===== INFORMATION PROVIDED =====

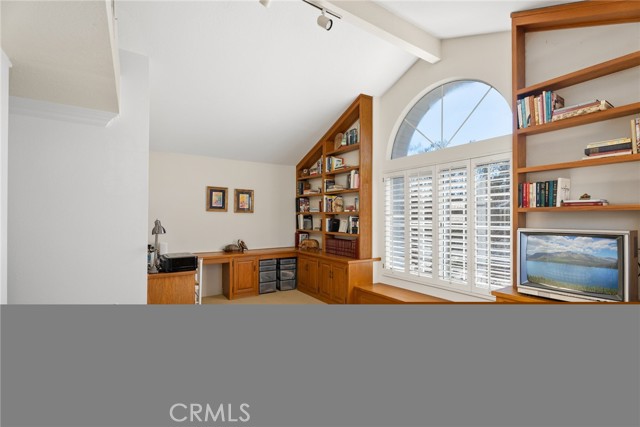 50 Emerald, Irvine CA: https://media.crmls.org/medias/649b4c75-7154-4a4f-9dba-6061ea5829dc.jpg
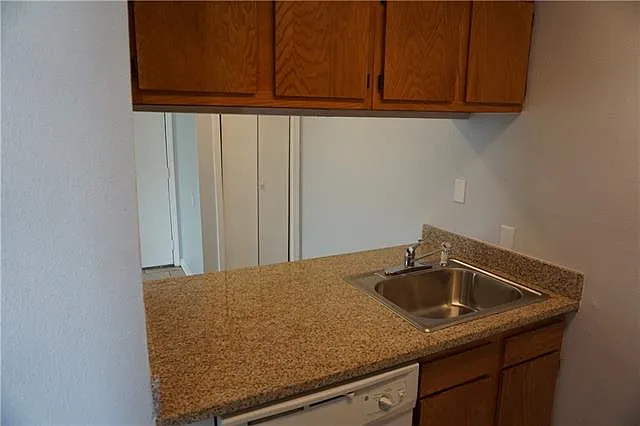 4218 Hessmer Ave #214 — Photo 9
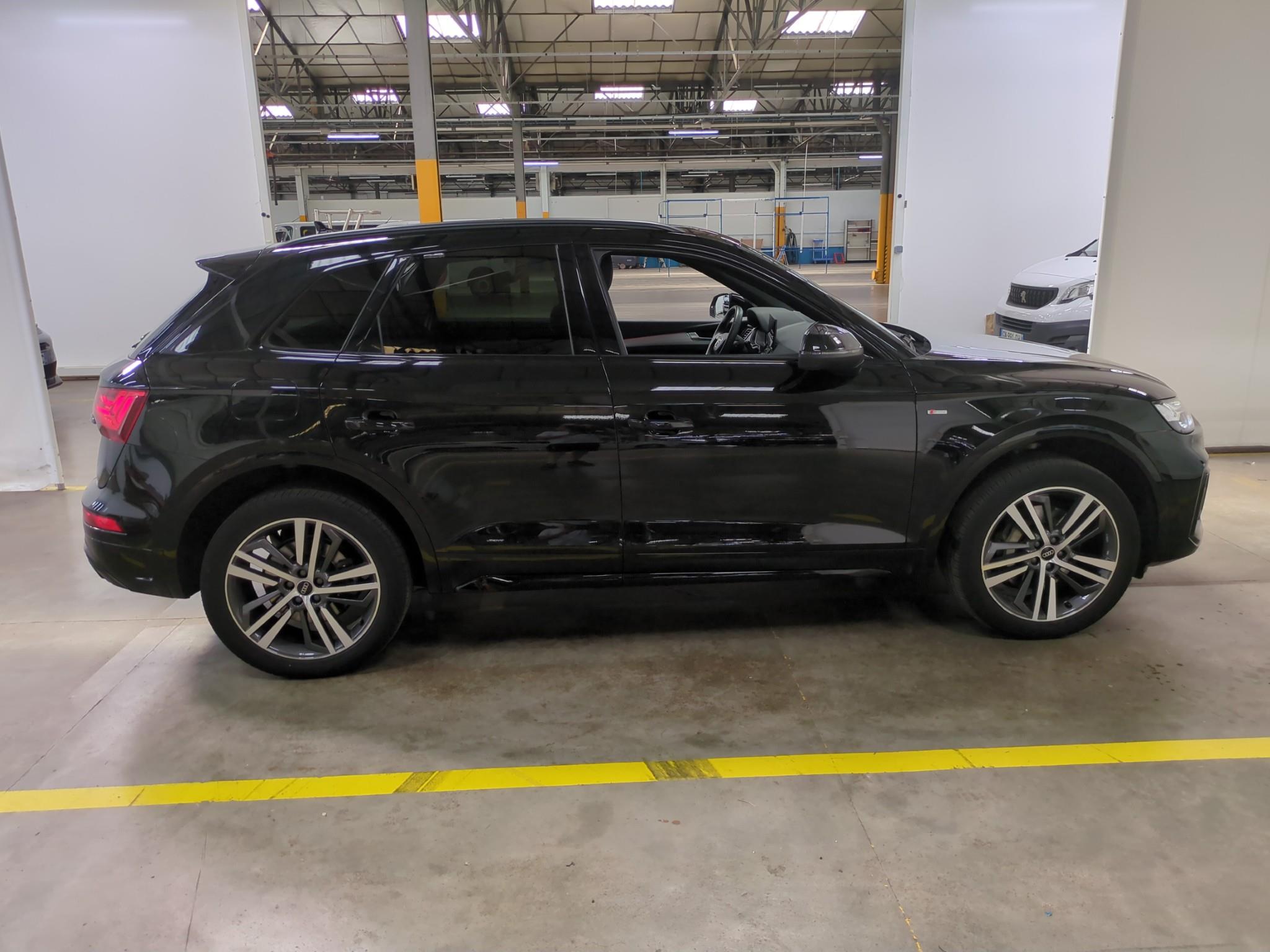 AUDI Q5 50 TFSIe 299 S tronic 7 Quattro line 2024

=====

◆ GOAL OF THE EXERCISE ◆
Exact repetition of the material above is required, with the images removed.

◆ WRITTEN REPLY ◆
 50 Emerald, Irvine CA: https://media.crmls.org/medias/649b4c75-7154-4a4f-9dba-6061ea5829dc.jpg
 4218 Hessmer Ave #214 — Photo 9
 AUDI Q5 50 TFSIe 299 S tronic 7 Quattro line 2024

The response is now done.